# Golden Ret. - Sr. Male, Auburn, AL



## mylissyk (Feb 25, 2007)

Lee County Humane Soc.
Petfinder PetNotes


----------



## Maggies mom (Jan 6, 2006)

What a handsome guy..... Hope he finds a home quickly.............


----------



## Hudson (May 18, 2005)

What a beautiful guy, I cant believe how many beautiful retrievers need homes over there - it is heartbreaking to see,and so rewarding for the staff and volunteers to see them going to a new family where they are loved.
Hudson and Asha's Mum 
Australia


----------



## GoldenJoyx'stwo (Feb 25, 2007)

Melissa,

Have you emailed the rescues in AL? I know J & L is a sister to Sunshine. This guy reminds me of Lisa's Ruthie. Can you let me know who you've emailed? I'm not going to be online much today. My being on too much today, could cause a split of the atom.

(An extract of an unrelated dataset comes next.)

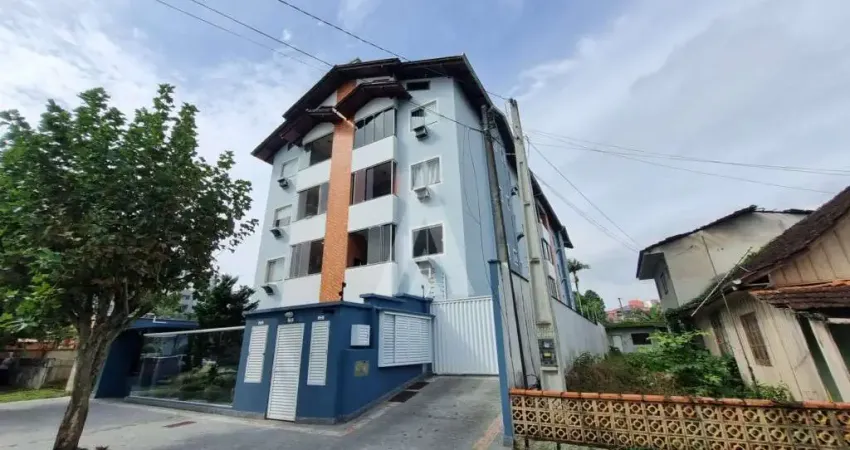 Apartamento semimobiliado com 2 quartos sendo 1 suite, sacada com churrasqueira no bairro Saguaçu.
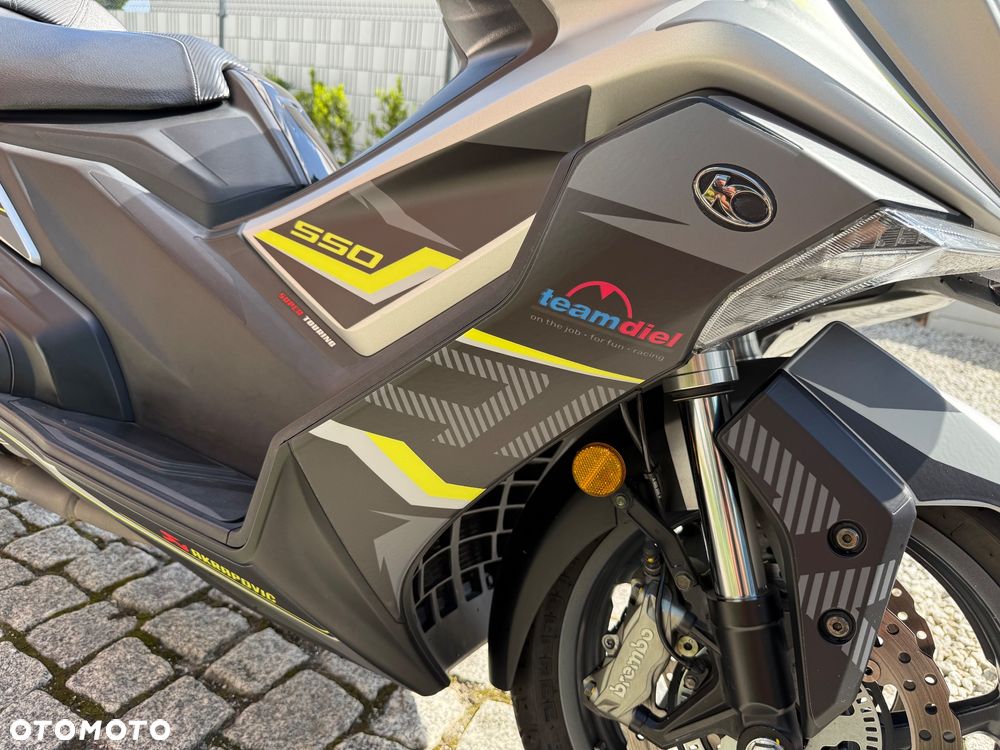 Kymco AK 550 - 8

Sent email to the 3 rescues listed on the national list. I'm sure you did too!


----------



## mylissyk (Feb 25, 2007)

Kimm said:


> Melissa,
> 
> Have you emailed the rescues in AL? I know J & L is a sister to Sunshine. This guy reminds me of Lisa's Ruthie. Can you let me know who you've emailed? I'm not going to be online much today. My being on too much today, could cause a split of the atom.
> 
> Sent email to the 3 rescues listed on the national list. I'm sure you did too!


Yes, I did send email to the 3 listed on the national list as well.


----------



## GoldenShamus (Feb 26, 2007)

I emailed Lisa M. already about him, hoping Martha and Lisa H. are already aware of him, but just in case.

He looks totally sweet, and all golden to me, even though they say 'mix'.


----------



## mylissyk (Feb 25, 2007)

GoldenShamus said:


> I emailed Lisa M. already about him, hoping Martha and Lisa H. are already aware of him, but just in case.
> 
> He looks totally sweet, and all golden to me, even though they say 'mix'.


Thanks, and I agree he looks Golden to me.


----------



## GoldenShamus (Feb 26, 2007)

Lisa wrote me back, she said she forwarded it to Lisa H. and Martha down in AL, so we'll see!

Thanks for posting this golden, let's hope he's out of that shelter real soon.


----------



## GoldenJoyx'stwo (Feb 25, 2007)

Poor Martha! I sent it directly to her this am, too. It's good to know people were contacted! I didn't think to contact the Atlanta Dog Squad though.


----------



## GoldenShamus (Feb 26, 2007)

Kimm said:


> Poor Martha! I sent it directly to her this am, too. It's good to know people were contacted! I didn't think to contact the Atlanta Dog Squad though.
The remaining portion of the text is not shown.